Winter sped by, and now the first signs of spring are starting to bloom. Join the Journey starts planting the seeds for more fun-filled events, and with your help, fellowship and support for breast cancer survivors in our community.

President's Thoughts

It's 2016 already! It’s hard to believe another year has come and gone!

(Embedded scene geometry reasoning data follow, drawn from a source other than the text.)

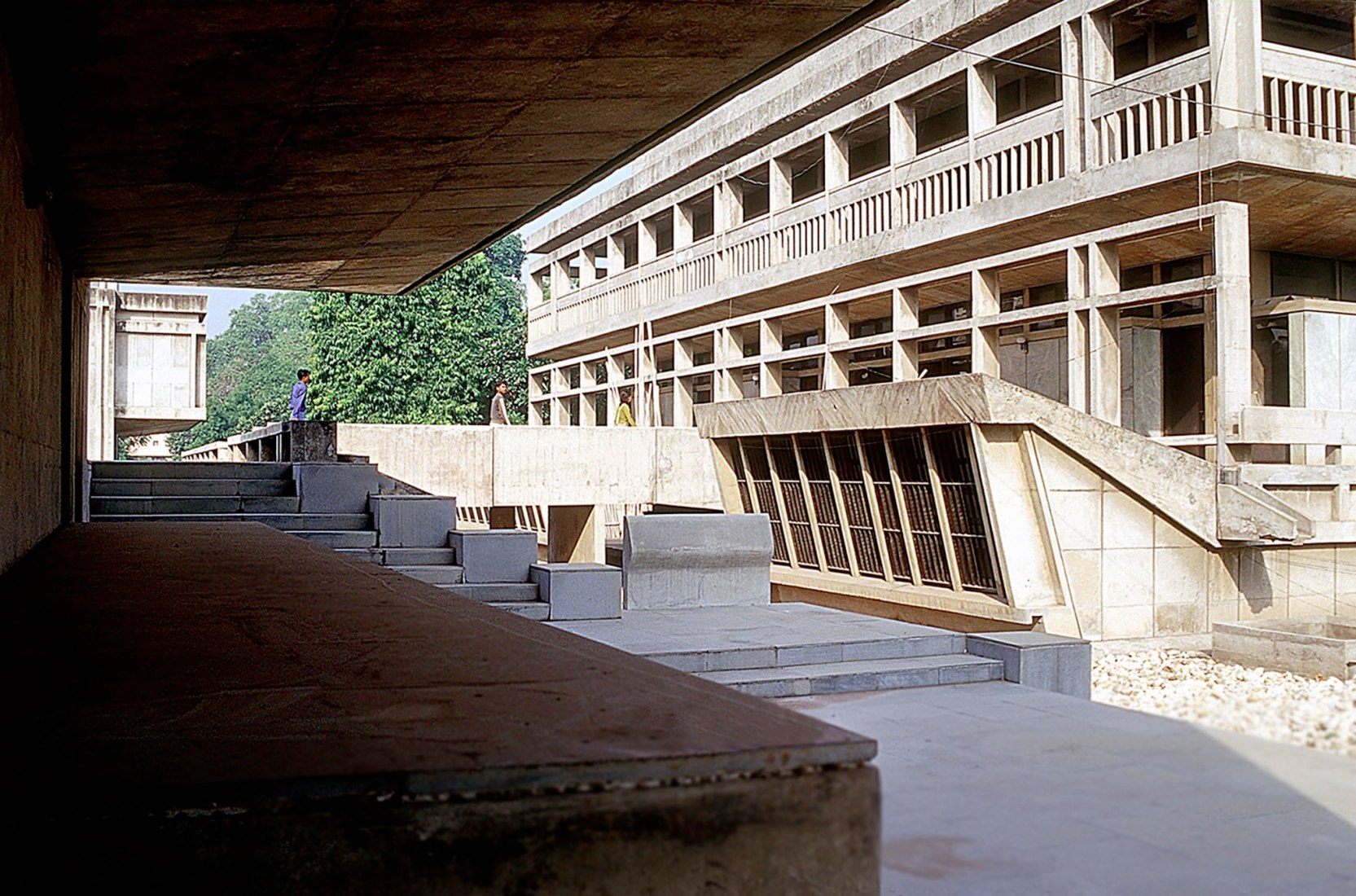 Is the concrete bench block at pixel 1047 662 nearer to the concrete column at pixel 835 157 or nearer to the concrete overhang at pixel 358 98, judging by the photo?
the concrete overhang at pixel 358 98

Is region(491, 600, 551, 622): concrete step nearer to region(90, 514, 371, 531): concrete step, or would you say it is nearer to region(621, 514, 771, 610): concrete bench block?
region(621, 514, 771, 610): concrete bench block

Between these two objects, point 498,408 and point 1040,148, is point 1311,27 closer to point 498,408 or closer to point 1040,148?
point 1040,148

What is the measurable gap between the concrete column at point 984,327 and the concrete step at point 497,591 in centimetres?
651

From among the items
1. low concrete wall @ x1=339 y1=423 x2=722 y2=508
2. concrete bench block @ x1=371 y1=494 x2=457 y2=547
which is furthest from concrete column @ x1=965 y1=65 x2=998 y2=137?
concrete bench block @ x1=371 y1=494 x2=457 y2=547

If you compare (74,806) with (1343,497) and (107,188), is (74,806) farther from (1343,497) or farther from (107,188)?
(1343,497)

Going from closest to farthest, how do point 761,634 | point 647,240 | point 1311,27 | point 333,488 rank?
point 761,634 < point 333,488 < point 1311,27 < point 647,240

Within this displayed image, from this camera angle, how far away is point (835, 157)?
17.6m

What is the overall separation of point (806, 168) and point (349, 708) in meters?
20.2

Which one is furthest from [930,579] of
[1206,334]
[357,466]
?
[357,466]

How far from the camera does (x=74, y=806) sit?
164 centimetres

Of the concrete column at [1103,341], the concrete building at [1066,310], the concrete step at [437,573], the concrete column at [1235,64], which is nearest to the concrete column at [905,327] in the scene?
the concrete building at [1066,310]

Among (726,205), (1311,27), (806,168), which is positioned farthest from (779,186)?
(1311,27)

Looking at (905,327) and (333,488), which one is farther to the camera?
(905,327)

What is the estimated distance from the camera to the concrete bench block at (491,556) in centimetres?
1103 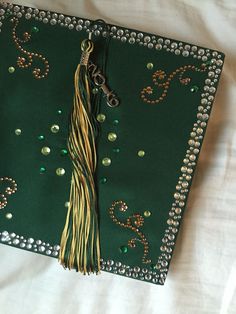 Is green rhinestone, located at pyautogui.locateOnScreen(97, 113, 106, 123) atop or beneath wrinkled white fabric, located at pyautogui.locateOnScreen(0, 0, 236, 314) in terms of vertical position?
atop

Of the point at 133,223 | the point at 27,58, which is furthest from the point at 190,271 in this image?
the point at 27,58

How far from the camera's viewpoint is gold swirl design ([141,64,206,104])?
709mm

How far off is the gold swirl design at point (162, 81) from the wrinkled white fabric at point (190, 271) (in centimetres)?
10

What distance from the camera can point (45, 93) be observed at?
28.4 inches

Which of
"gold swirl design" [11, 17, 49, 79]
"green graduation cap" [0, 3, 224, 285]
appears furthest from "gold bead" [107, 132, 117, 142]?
"gold swirl design" [11, 17, 49, 79]

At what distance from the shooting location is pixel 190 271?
778mm

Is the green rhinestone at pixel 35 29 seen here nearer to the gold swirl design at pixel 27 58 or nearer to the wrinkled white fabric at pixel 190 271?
the gold swirl design at pixel 27 58

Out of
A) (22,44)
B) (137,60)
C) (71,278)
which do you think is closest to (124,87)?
(137,60)

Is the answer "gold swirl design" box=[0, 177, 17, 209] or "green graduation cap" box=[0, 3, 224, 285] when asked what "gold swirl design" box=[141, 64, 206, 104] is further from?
"gold swirl design" box=[0, 177, 17, 209]

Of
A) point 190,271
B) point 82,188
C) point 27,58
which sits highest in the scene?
point 27,58

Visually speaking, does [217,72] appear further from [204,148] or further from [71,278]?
[71,278]

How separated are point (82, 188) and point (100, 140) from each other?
Result: 0.07 metres

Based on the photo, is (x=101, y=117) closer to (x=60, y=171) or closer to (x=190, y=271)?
(x=60, y=171)

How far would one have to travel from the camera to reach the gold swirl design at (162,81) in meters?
0.71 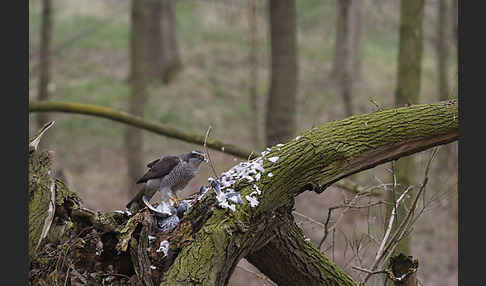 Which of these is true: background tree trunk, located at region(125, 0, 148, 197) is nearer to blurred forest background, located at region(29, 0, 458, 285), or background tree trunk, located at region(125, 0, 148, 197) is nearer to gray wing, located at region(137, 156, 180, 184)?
blurred forest background, located at region(29, 0, 458, 285)

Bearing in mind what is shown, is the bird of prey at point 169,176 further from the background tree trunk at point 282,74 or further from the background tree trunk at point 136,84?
the background tree trunk at point 136,84

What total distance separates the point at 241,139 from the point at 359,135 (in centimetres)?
1264

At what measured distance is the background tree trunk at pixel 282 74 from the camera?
770cm

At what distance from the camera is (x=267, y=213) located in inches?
133

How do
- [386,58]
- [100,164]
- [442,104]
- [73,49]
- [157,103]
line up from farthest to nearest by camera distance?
[386,58]
[73,49]
[157,103]
[100,164]
[442,104]

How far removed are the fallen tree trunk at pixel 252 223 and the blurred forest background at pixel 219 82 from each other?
408 cm

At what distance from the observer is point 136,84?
35.3 feet

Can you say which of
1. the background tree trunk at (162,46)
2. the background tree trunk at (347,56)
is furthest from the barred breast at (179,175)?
the background tree trunk at (162,46)

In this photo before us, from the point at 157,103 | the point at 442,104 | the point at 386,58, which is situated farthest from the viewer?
the point at 386,58

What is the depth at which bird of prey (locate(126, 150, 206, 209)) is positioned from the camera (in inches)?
155

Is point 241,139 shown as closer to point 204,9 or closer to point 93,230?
point 204,9

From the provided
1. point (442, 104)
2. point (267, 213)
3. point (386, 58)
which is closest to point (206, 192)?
point (267, 213)

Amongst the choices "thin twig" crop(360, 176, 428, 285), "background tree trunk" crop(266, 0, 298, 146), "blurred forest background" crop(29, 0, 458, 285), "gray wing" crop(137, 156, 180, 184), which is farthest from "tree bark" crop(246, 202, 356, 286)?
"blurred forest background" crop(29, 0, 458, 285)

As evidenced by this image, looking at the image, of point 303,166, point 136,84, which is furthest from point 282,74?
point 303,166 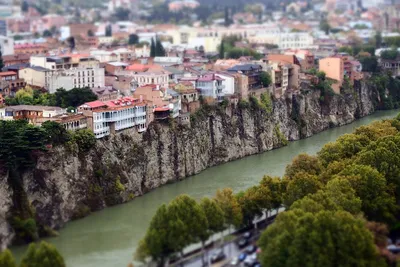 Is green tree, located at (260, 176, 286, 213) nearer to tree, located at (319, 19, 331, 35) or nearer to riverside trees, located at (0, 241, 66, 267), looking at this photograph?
riverside trees, located at (0, 241, 66, 267)

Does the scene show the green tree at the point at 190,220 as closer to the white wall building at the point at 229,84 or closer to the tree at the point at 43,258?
the tree at the point at 43,258

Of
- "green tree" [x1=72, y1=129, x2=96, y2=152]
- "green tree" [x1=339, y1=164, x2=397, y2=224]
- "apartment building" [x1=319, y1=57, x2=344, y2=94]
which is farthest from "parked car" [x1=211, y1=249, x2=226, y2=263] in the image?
"apartment building" [x1=319, y1=57, x2=344, y2=94]

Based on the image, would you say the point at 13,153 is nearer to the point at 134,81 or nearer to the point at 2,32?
the point at 134,81

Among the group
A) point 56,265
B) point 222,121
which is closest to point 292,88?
point 222,121

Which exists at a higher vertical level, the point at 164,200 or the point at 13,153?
the point at 13,153

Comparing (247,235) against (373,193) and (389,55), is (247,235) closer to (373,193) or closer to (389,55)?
(373,193)

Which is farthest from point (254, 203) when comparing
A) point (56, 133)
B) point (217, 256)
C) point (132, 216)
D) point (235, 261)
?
point (56, 133)

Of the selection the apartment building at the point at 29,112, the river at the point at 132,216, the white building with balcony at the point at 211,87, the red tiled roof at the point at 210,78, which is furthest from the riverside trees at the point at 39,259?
the red tiled roof at the point at 210,78

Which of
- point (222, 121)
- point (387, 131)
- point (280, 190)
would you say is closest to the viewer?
point (280, 190) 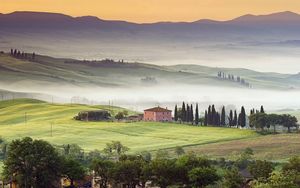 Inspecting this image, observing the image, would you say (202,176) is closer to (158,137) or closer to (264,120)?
(158,137)

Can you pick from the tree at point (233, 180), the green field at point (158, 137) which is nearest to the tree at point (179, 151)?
the green field at point (158, 137)

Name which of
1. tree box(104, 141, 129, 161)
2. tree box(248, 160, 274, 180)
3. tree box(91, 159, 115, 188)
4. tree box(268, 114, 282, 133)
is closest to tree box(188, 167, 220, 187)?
tree box(248, 160, 274, 180)

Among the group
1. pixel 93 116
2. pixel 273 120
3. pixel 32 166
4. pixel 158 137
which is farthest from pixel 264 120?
pixel 32 166

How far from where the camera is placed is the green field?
129875 mm

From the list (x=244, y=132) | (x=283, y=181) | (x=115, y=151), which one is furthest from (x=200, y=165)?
(x=244, y=132)

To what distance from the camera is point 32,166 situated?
311ft

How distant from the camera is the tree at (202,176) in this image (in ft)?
287

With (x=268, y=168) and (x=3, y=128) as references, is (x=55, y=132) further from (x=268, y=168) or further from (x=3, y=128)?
(x=268, y=168)

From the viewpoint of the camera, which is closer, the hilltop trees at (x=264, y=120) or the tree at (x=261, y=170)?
the tree at (x=261, y=170)

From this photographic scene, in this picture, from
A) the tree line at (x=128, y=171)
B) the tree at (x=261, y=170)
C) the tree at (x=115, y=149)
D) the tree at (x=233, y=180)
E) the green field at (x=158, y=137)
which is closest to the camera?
the tree at (x=233, y=180)

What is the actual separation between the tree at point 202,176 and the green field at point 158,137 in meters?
33.6

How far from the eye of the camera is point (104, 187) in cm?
9406

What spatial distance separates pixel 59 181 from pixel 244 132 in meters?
65.6

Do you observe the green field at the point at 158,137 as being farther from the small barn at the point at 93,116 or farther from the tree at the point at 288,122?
the tree at the point at 288,122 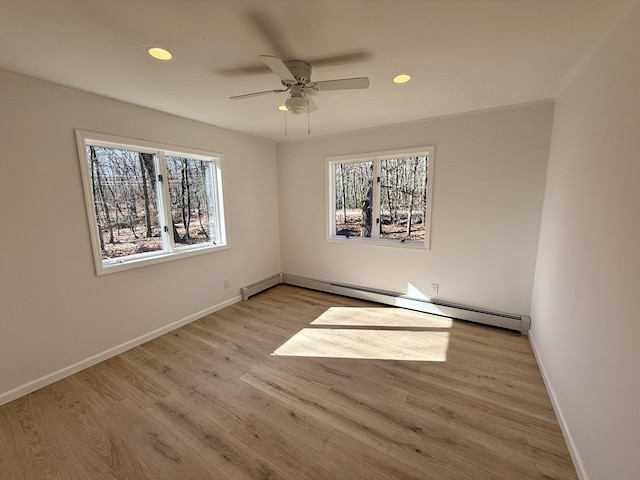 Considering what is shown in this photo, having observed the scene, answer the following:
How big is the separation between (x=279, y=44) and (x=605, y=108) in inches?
73.9

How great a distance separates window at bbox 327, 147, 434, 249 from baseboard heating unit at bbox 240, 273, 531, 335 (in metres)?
0.72

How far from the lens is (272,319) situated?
3.25m

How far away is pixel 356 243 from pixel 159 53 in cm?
292

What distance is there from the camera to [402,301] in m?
3.45

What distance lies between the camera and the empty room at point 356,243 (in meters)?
1.35

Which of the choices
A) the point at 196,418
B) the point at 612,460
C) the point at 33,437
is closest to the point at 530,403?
the point at 612,460

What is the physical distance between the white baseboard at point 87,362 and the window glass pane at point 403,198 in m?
2.72

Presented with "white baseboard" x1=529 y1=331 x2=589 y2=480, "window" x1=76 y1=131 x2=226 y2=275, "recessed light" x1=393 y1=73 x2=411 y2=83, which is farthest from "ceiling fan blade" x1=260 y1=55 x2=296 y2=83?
"white baseboard" x1=529 y1=331 x2=589 y2=480

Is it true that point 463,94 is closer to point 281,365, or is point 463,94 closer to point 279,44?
point 279,44

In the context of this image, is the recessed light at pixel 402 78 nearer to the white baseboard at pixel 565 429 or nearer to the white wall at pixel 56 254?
the white wall at pixel 56 254

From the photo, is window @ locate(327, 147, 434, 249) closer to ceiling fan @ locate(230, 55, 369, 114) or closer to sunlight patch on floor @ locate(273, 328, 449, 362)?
sunlight patch on floor @ locate(273, 328, 449, 362)

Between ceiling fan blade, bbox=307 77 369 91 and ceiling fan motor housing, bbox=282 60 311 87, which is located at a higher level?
ceiling fan motor housing, bbox=282 60 311 87

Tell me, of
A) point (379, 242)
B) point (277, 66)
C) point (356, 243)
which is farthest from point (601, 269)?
point (356, 243)

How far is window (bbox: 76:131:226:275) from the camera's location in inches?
94.7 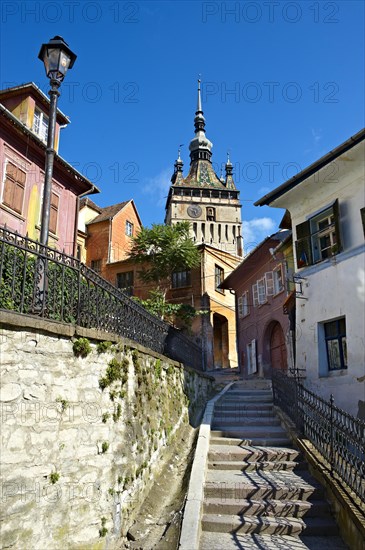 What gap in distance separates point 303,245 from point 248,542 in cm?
841

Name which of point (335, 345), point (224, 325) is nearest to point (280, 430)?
point (335, 345)

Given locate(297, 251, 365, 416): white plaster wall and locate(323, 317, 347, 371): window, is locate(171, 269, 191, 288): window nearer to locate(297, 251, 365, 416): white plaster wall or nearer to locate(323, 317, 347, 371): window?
locate(297, 251, 365, 416): white plaster wall

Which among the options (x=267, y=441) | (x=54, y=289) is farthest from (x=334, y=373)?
(x=54, y=289)

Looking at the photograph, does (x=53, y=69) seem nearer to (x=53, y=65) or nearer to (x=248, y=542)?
(x=53, y=65)

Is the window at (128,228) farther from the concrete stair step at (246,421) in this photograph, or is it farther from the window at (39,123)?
the concrete stair step at (246,421)

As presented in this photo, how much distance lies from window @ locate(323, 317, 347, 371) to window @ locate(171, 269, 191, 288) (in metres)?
19.7

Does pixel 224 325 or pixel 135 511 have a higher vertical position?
pixel 224 325

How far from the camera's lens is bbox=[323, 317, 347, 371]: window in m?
10.9

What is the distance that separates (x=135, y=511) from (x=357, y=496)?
3.34m

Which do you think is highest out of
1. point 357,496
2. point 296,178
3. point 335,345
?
point 296,178

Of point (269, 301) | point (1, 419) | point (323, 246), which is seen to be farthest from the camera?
point (269, 301)

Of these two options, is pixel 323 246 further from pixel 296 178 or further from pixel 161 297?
pixel 161 297

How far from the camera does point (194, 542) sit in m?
5.54

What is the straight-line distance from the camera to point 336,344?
436 inches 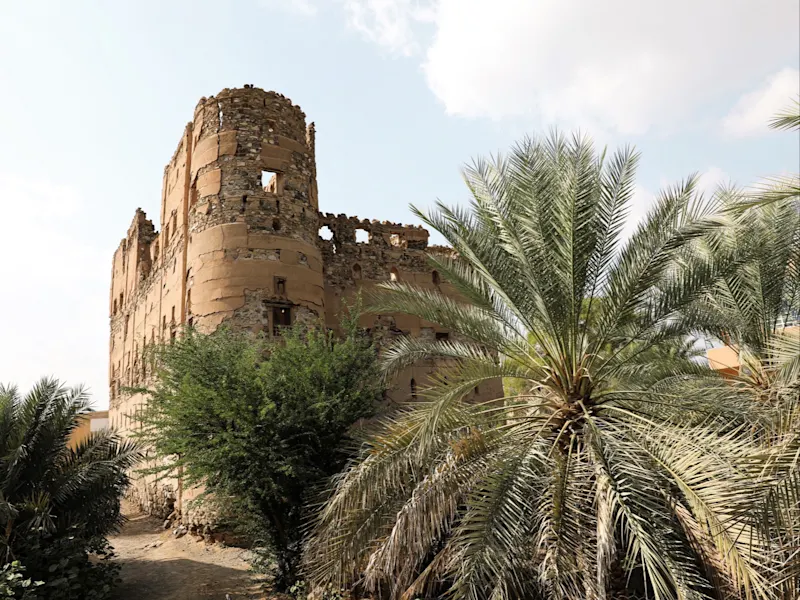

It seems like just yesterday when I sat down to write the 2015 Spring Newsletter article, with light snow falling and groundhog Punxsutawney Phil predicting six more weeks of winter. Today as I write, we are having the worst blizzard of the winter and Punxsutawney Phil says there will be an early spring. It just goes to show how unpredictable winter in Minnesota can be!

As I start the second year of my two-year term as president, I am so proud of all we accomplished in 2015 to further strengthen Join the Journey programs, carry out its mission, and continue to build a high-functioning, team-oriented board of directors. A huge thank you to all of our directors, as well as all our volunteers and friends of Join the Journey. You are truly amazing!    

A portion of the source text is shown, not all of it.